処分を受けたのは52歳と58歳の男2人。反ユダヤ的な歌を歌っているところが映像にとらえられたため、イングランドへ帰国した後にリーズ(Leeds)の治安判事裁判所へ出廷。3年間の禁止処分を科された。
担当の治安判事は、2人の行いを「恥ずべきこと」と断じ、事情を聞く過程で2人がこの後のW杯の試合の観戦チケットを持っていることも分かったが、「残念ながら自業自得である」として観戦を認めなかった。
2人は2021年まで、イングランド代表の試合が行われている会場の半径約3キロメートル以内に近づくことができない。23日には、2人と同様の行為に及んでいた別の57歳の男が、5年間の観戦禁止を言い渡された。

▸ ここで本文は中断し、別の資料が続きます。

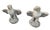 Stone Pair of Vintage Cast Stone Eagle Garden Statues For Sale - Image 7 of 12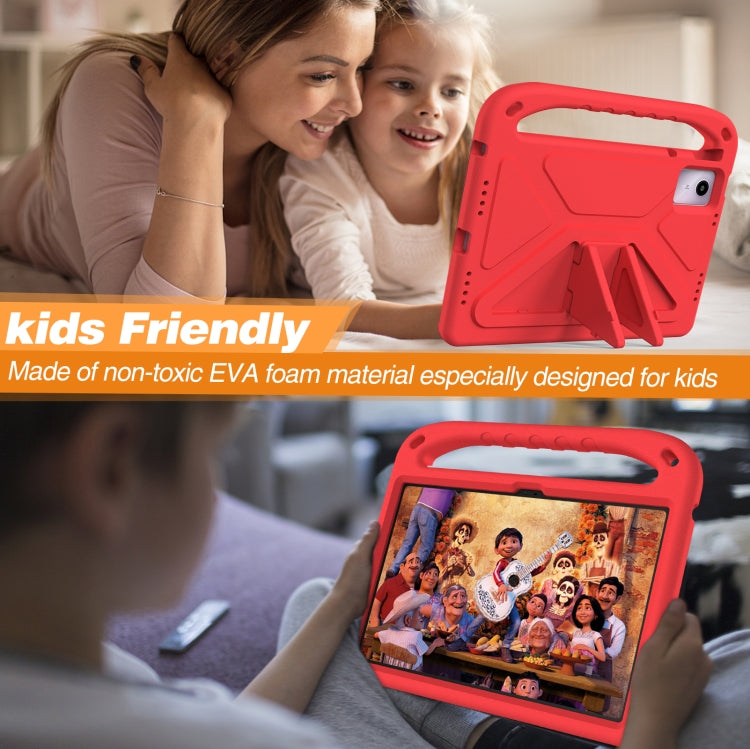 For Amazon Fire Max 11 2023 Handle EVA Shockproof Tablet Case with Holder(Red)
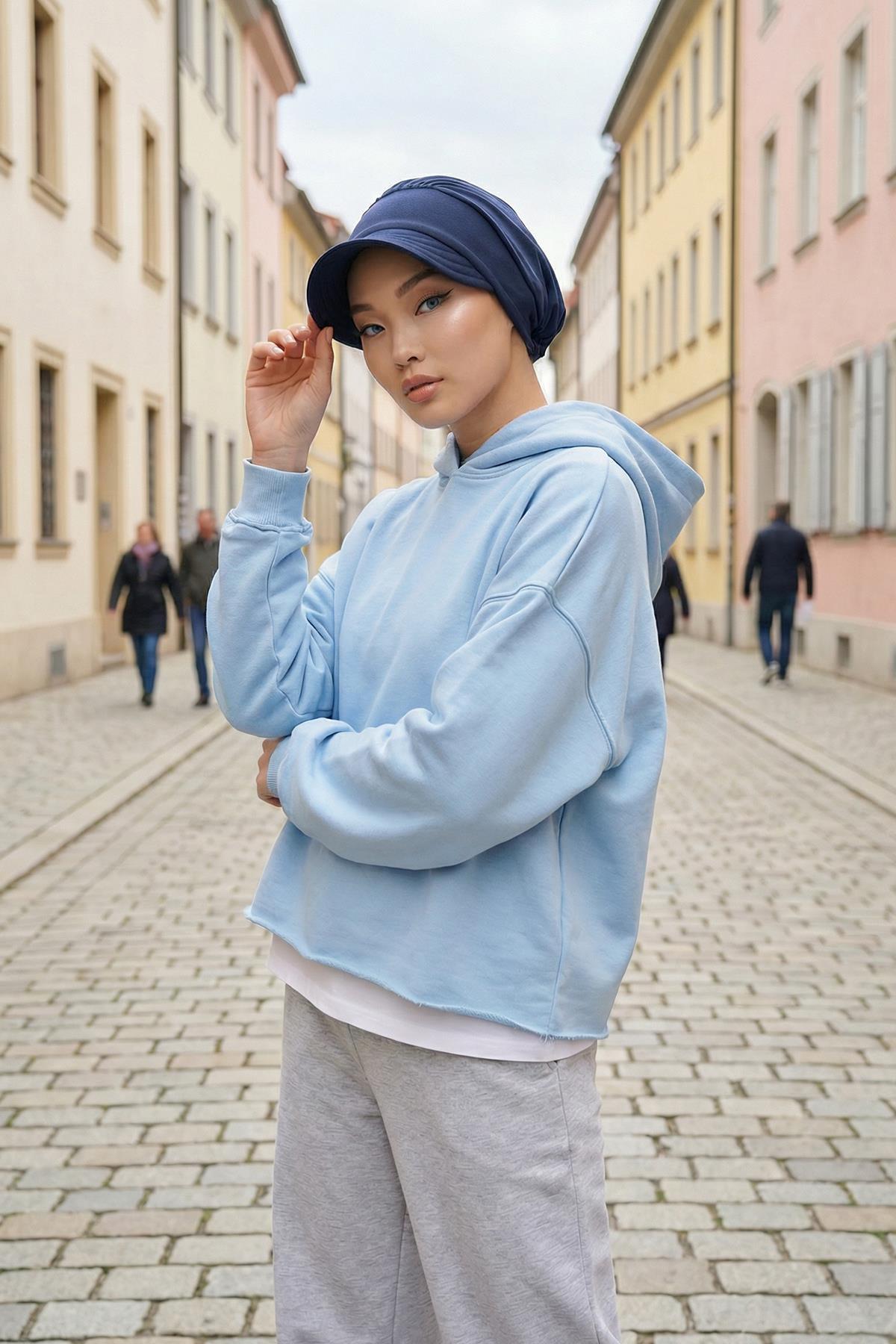 Dört Mevsim Siperlikli Şapka Bone,B-73O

この件では、前週イングランド対チュニジアの試合が行われたボルゴグラード(Volgograd)市内のバーで、数人のイングランドサポーターが反ユダヤの歌を歌い、ナチス・ドイツ(Nazi)式のポーズをとっている動画がインターネットで出回ったことから、英警察が捜索を行っていた。かつてスターリングラード(Stalingrad)と呼ばれたボルゴグラードは第2次世界大戦(World War II)中、ソ連とナチス・ドイツとの間で史上まれに見る凄惨(せいさん)な戦闘が発生した場所でもある。
イングランドサッカー協会(FA)は、広報を通じて「動画内の人物たちの行動」を非難し、「動画内の個人の恥ずべき行いは、ロシアでチームを支えている大多数のイングランドサポーターの価値観を示したものではない」と述べた。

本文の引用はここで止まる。